By looking in the right places on WikiLeaks’ site, their index displays the correct number of published emails, a number that has been repeatedly verified by scripts which manually check for each file (and recheck later if the server reports temporary errors). A copy of the scripts can be downloaded here (archive).* When viewing individual Syria emails, the WikiLeaks website displays the number of files released as 1,432,389. According to WikiLeaks, there were 2,434,899 emails in total. With 1,432,389 released, that leaves 1,002,510 missing – over 40%.
Reviewing pages in the Wayback Machine shows that this is not a new development or a recent bug. It was true in 2020, in 2019, in 2016 and in September 2015. Sometime between May and September 2015, WikiLeaks’ index had increased from a total of 215,517 files published – a count that had stood for several years, and is only 38 files more than the largest and most recent version of the Syria Files package posted onto WikiLeaks’ file server and torrent list.
This is also not the first time the issue of missing Syria Files has been raised, though it is several orders of magnitude larger than before. In 2016, The Daily Dot published evidence that the WikiLeaks release excluded evidence of a €2 billion transfer from Syria to Russia. Given a chance to review the situation and address the missing e-mails, WikiLeaks responded by saying in part, that “all Syria files obtained by WikiLeaks have been published.”
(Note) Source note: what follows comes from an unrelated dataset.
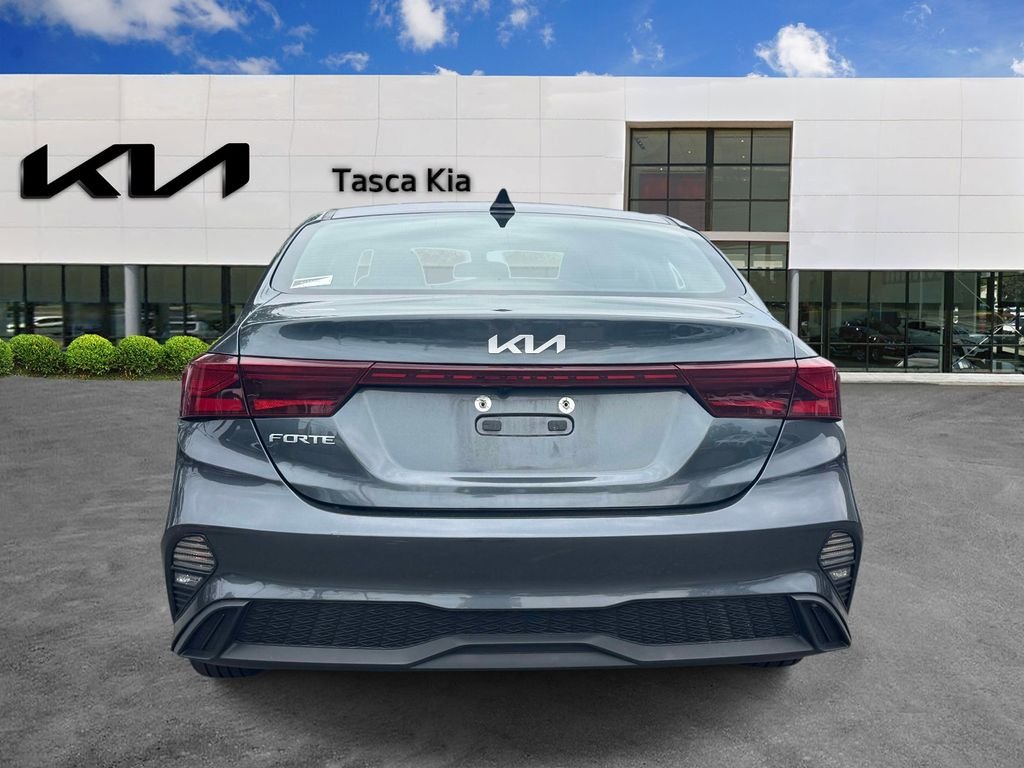 Used 2023 Gray Kia LXS image 5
Since then, WikiLeaks has continued to state that the full 2.4 million Syria Files have been published and are available. As recently as March 2021, WikiLeaks repeated the 2.4 million number on Twitter.
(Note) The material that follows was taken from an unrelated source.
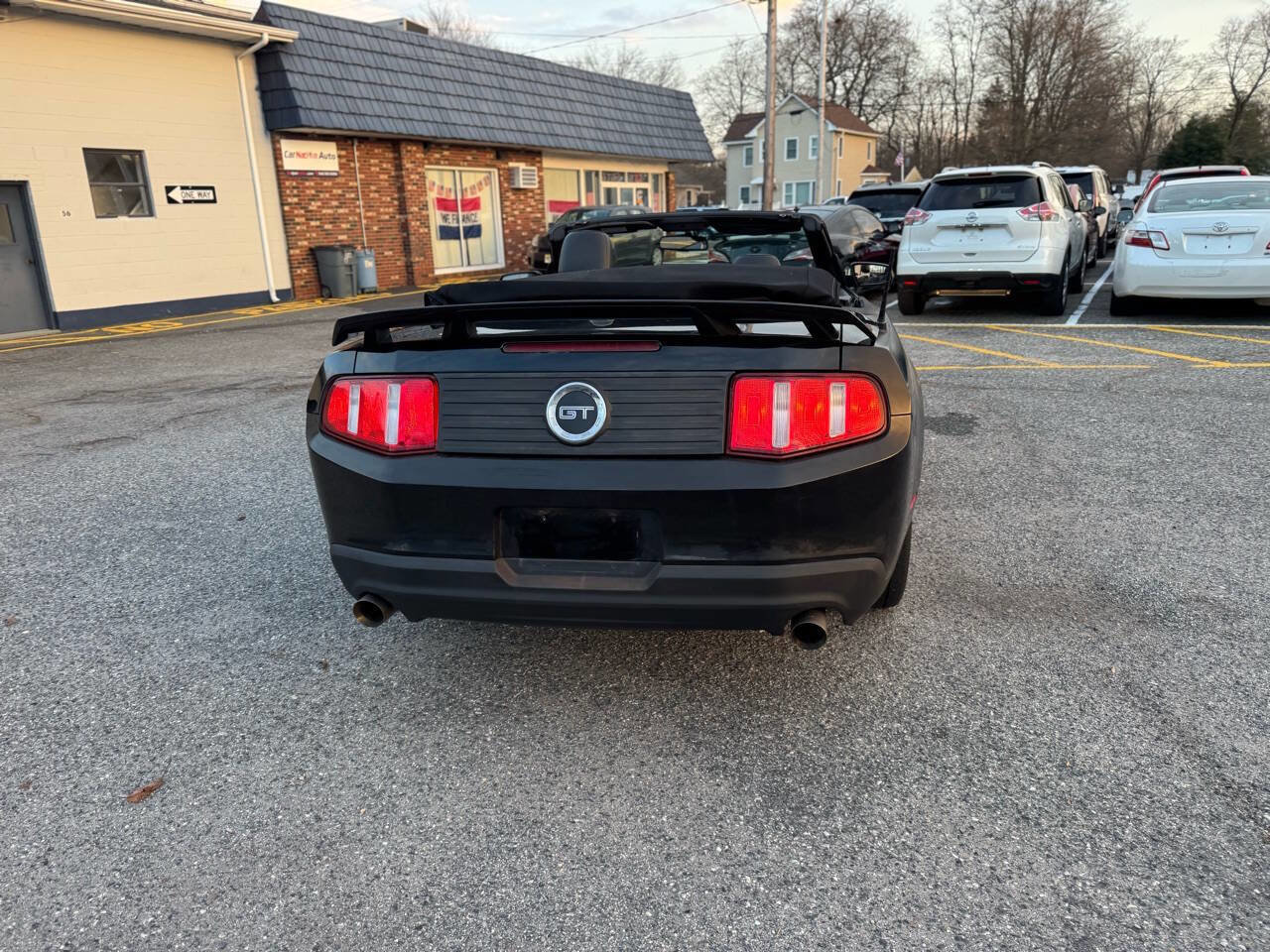 Used 2010 Ford Mustang GT Premium image 12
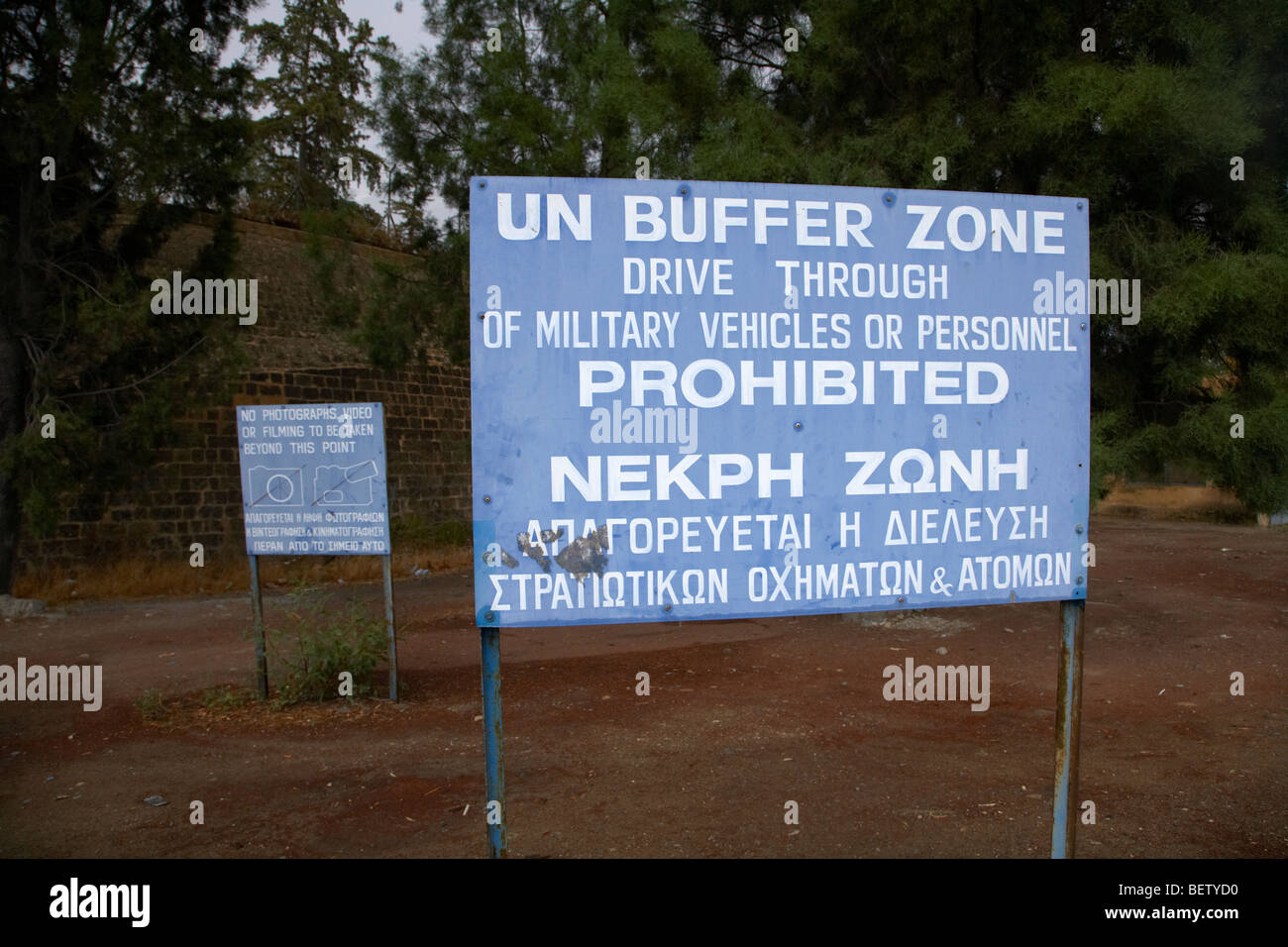 Warnzeichen für Sperrgebiet von der UN-Pufferzone im grünen Trennlinie zwischen Nord und Süd Zypern in Nikosia lefkosia Stockfoto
In addition to being promoted by WikiLeaks, the inaccurate numbers have been used by the Courage Foundation to help raise funds for WikiLeaks. In text that appears to have been either copy and pasted or directly based upon the timeline and document count on WikiLeaks’ site, Courage repeats the claim twice on their page for WikiLeaks that over 2 million emails from the Syria Files have been released.
This leaves a number of questions:
What happened to the missing emails? Why does WikiLeaks seem to ignore or be unaware of the fact that they’re missing? Does this explain the missing bank transfer email, or is that a separate problem? Will the missing million emails ever be restored? Why is there apparently a similar discrepancy with the Saudi Cables*, and what happened to the promised third part of the Fishrot Files?
*Clarification on Saudi Cables
The raw database was published by WikiLeaks, but not indexed
Answers are unfortunately unlikely, but at least we know where the hole in the data is.
*For the most accurate count when using the scripts (archive), be sure to also run the “results extra” or “scanner2” script, as there are 157 entries out of range. The second script will quickly find these and then not find anymore new entries. However, it will continue to run until it is manually stopped. Therefore it is highly recommended that you only run the scanner2 script under active supervision and stop it as soon as it becomes clear that there are no more hits. Treat it like microwave popcorn. The primary scanner has a limited scope and does NOT have this issue.
Note: I’ve previously mentioned this on Twitter and been asked about it once or twice, but until now there hasn’t been a proper written record of the issue. It felt like it was time to change that.